Renaud Chevalier, associé du cabinet Germain & Moreau, conseil en propriété intellectuelle et mandataire en brevets européens, se propose d'analyser l'évolution du brevet d'invention depuis l'Antiquité, avec pour priorité de déterminer si ce brevet est aujourd'hui adapté aux innovations technologiques.
Dans un monde en perpétuelle évolution, où nos modes de vie sont profondément affectés par les innovations technologiques qui se succèdent à une vitesse exponentielle, il n'est pas inutile de se demander si l'arme juridique constituée par le "brevet d'invention" est toujours le moyen le plus adapté pour canaliser et accompagner l'effort d'innovation. En effet, la situation serait particulièrement cocasse si l'arsenal juridique au service de la protection de l'innovation devait se révéler obsolète...
Cette réflexion a d'autant plus de sens que l'innovation, à condition de la protéger valablement, demeure l'une des clés de notre compétitivité, sur un marché où de nouveaux acteurs provenant notamment de pays émergents, déplacent le centre de gravité de la croissance économique.
Apporter une réponse à une question brûlante d'actualité sans prise de recul préalable peut néanmoins s'avérer un pari risqué. Ceci est la raison pour laquelle l'étude de l'évolution de la protection de l'innovation au fil du temps, depuis ses balbutiements, constitue certainement un excellent exercice pour mieux apprécier la pertinence, ou la désuétude, du "Brevet d'invention" tel que nous le connaissons de nos jours.
Un des premiers régimes de protection de la propriété intellectuelle, assimilable à celui du brevet d'invention, remonte au VIe siècle av. J.-C. avec la loi de Sybaris, une cité de la Grande Grèce aujourd'hui située en Italie du Sud. Cette loi portait spécifiquement sur les inventions ayant trait à de nouvelles recettes de cuisine. L'inventeur d'une telle recette devait la rendre publique au travers d'un acte de divulgation et un monopole lui était accordé pour une durée limitée.
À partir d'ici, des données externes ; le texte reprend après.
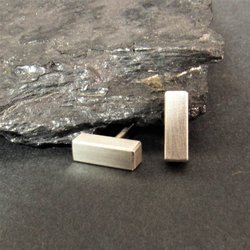 Sleek little bar stud earrings crafted in sterling silver. Chunky little bars perfect as a unisex design. Bar measures 3mm x 10mm and are completed with clutch backs to hold them securely in place. A simple, modern design perfect for all sexes.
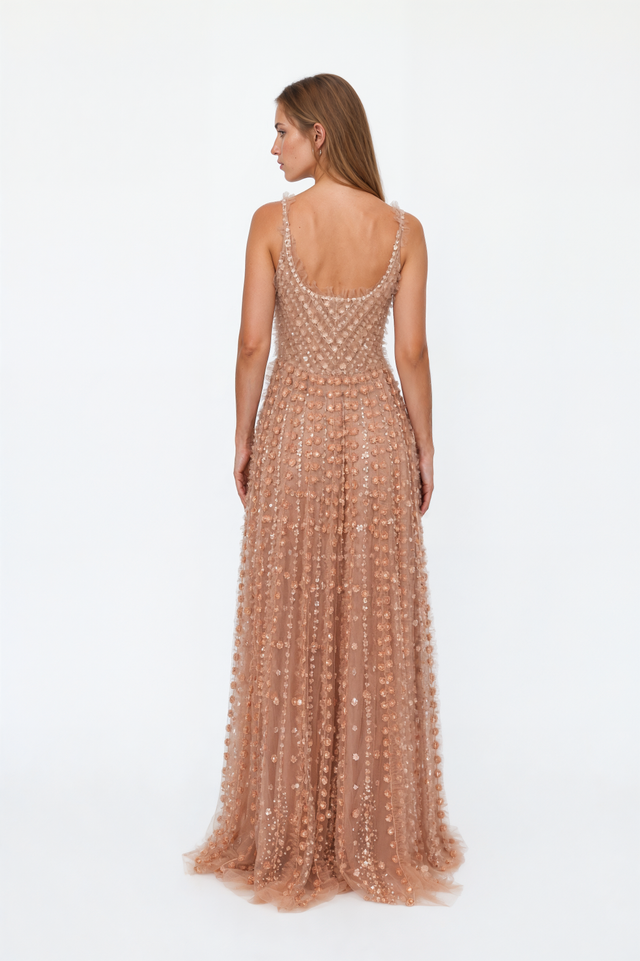 Back view of a Valentino sequin floret tulle gown with scooped back and ruffled hem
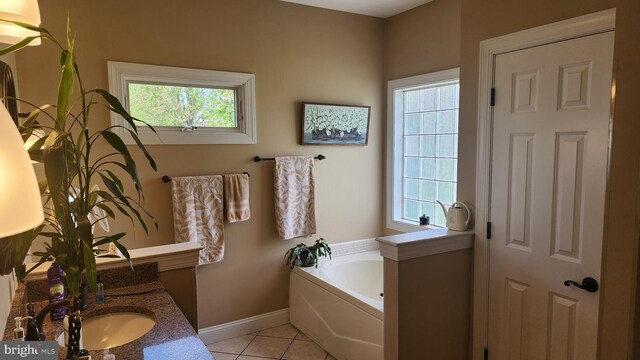 full bath with baseboards, tile patterned flooring, a bath, and vanity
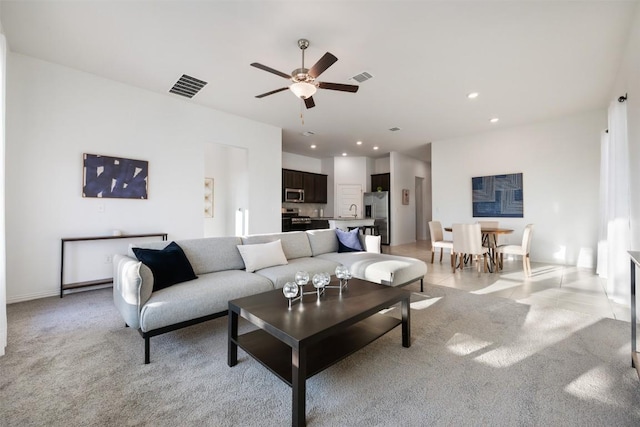 13002 Stanford Dr Unit 40, Austin, TX 78748 - living area with a ceiling fan, light carpet, recessed lighting, and baseboards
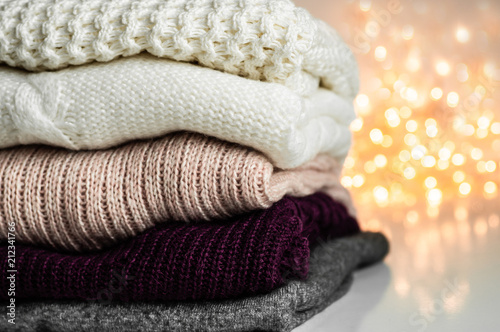 Warm sweaters. Pile of knitted clothes on warm background, sweaters, knitwear, space for text, Autumn winter concept. Copy Space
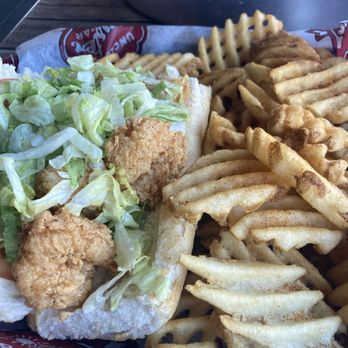 Uncle T's Oyster Bar - Shrimp po'boy with waffle fries instead of chips - Bars Near Me - Scott, Louisiana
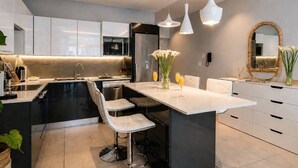 Una cocina moderna con una isla central, taburetes de bar, iluminación colgante y un espejo grande.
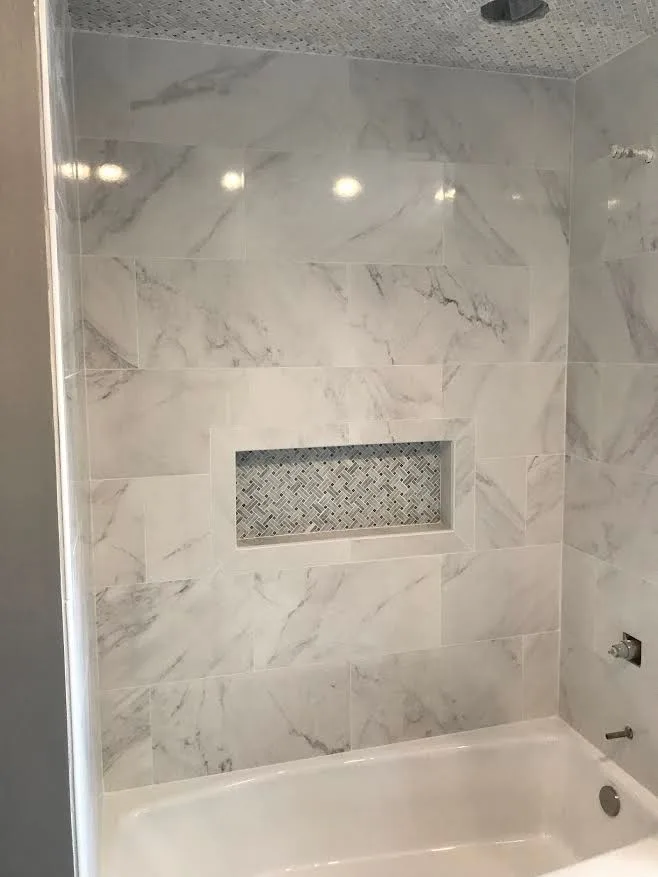 Marble Tile Shower Project by Northshore Renovations - Photo 8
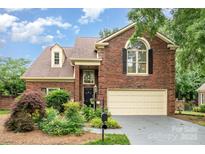 Charming brick home featuring a manicured lawn, two-car garage, and inviting front entrance at 7031 Walton Heath Ln, Charlotte, NC 28277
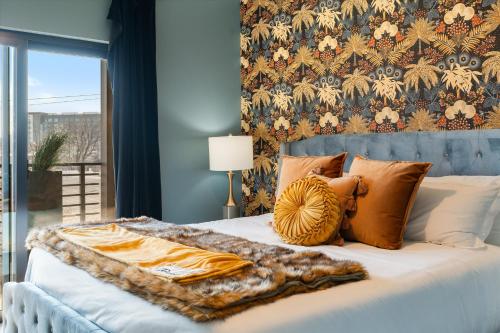 Una cama con una manta y almohadas encima en Hyve, en Nashville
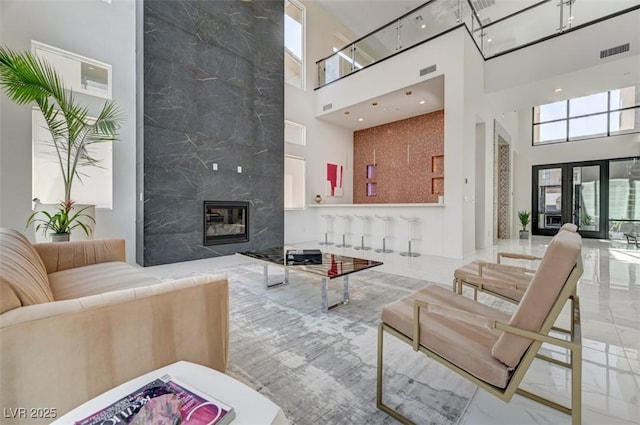 living room featuring marble finish floor, visible vents, a high ceiling, and a premium fireplace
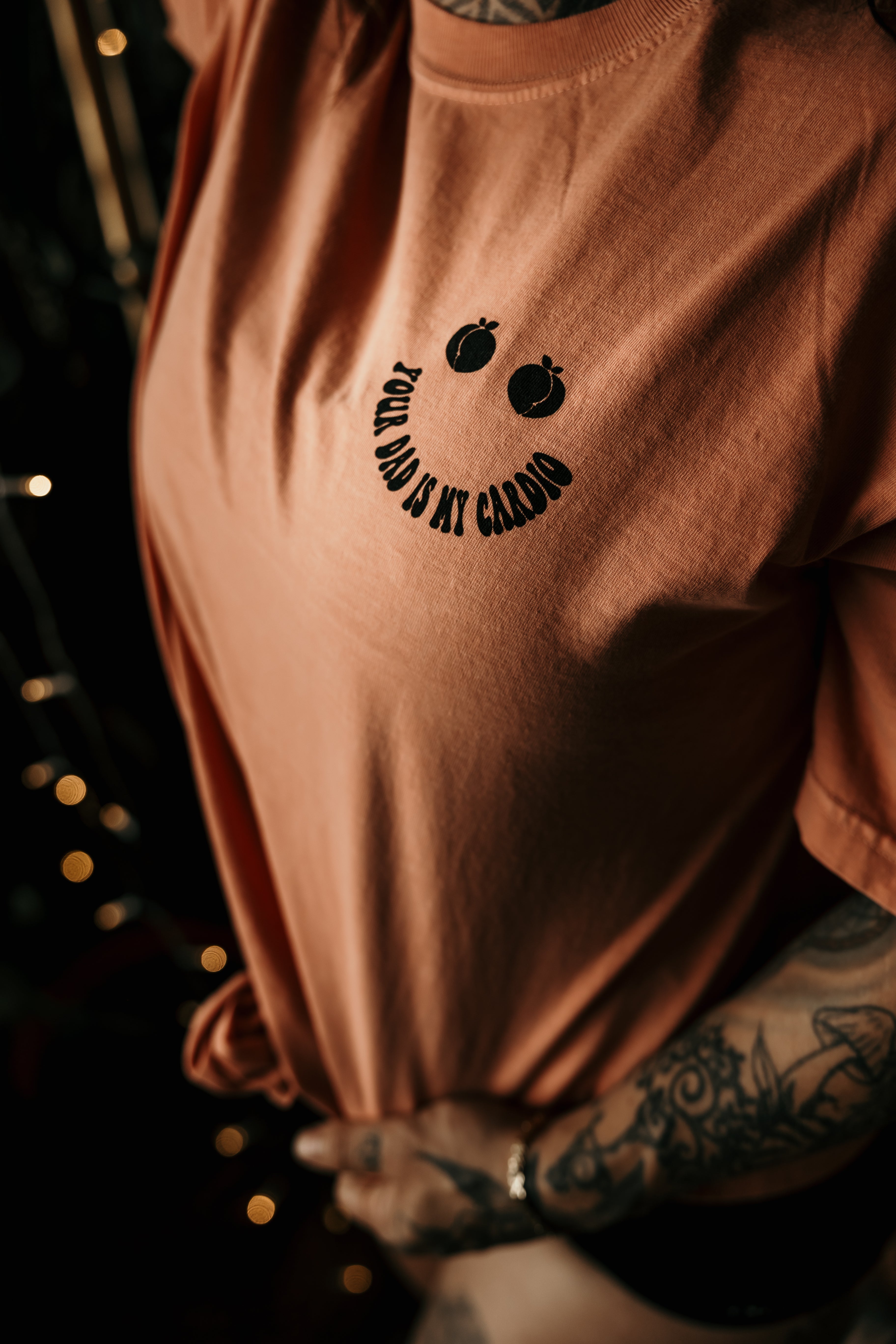 Gray graphic T-shirt from Shop Karma Tees featuring the humorous "Your Dad Is My Cardio" slogan printed on the front.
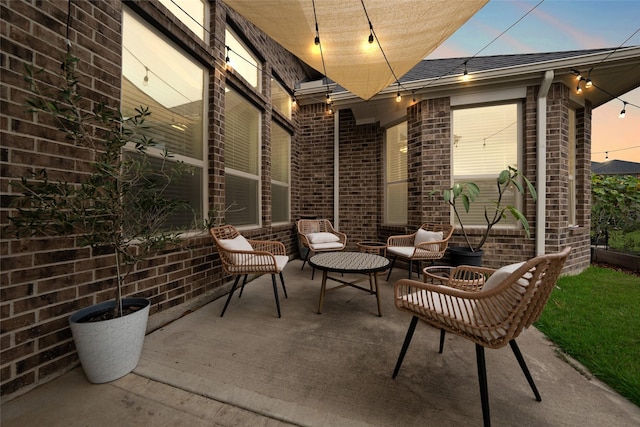 patio terrace at dusk with outdoor lounge area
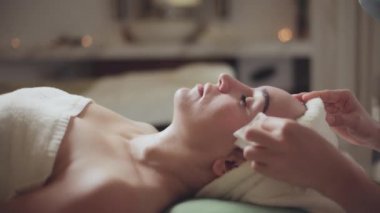 Sağlık, stres atma ve gençleştirme konsepti. Spa yatağında uzanıp spa tedavisi gören rahat bir kadın. Spa merkezindeki masör, spa merkezinde yüz maskesi takan bir kız..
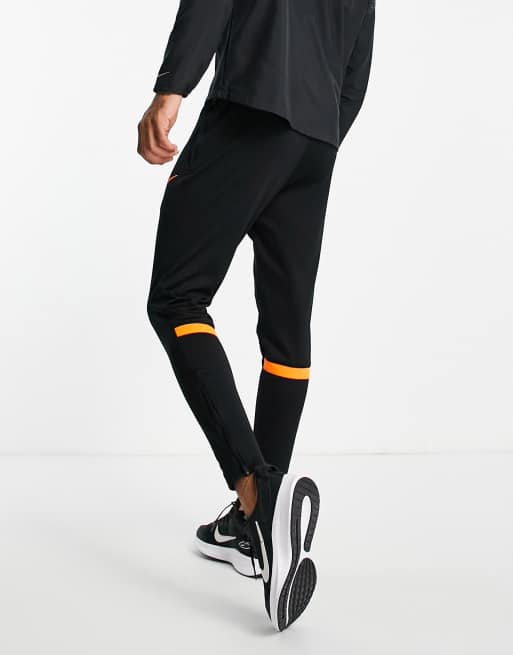 Black and 2025 orange nike sweatpants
Le premier brevet industriel (connu en Europe) fut délivré en 1421 à Florence à l'architecte et ingénieur Filippo Brunelleschi qui l'obtint pour une invention dans le domaine de la manutention de marchandises destinées au transport par bateau. En 1469, c'est à Venise que fut octroyé un brevet à un assistant de Gutenberg, pour la durée de sa vie, de manière à lui conférer le privilège d'imprimer par un système utilisant des caractères mobiles. Le "Parta Venezia" marque en 1474 la première véritable apparition du droit de la propriété intellectuelle au sens moderne en matière de brevet d'invention.
En France, les monarques accordent des monopoles durant l'Ancien Régime afin de protéger des innovations, grâce aux lettres patentes. Pour l'anecdote, le terme "Patent" signifie d'ailleurs "Brevet" de nos jours en anglais.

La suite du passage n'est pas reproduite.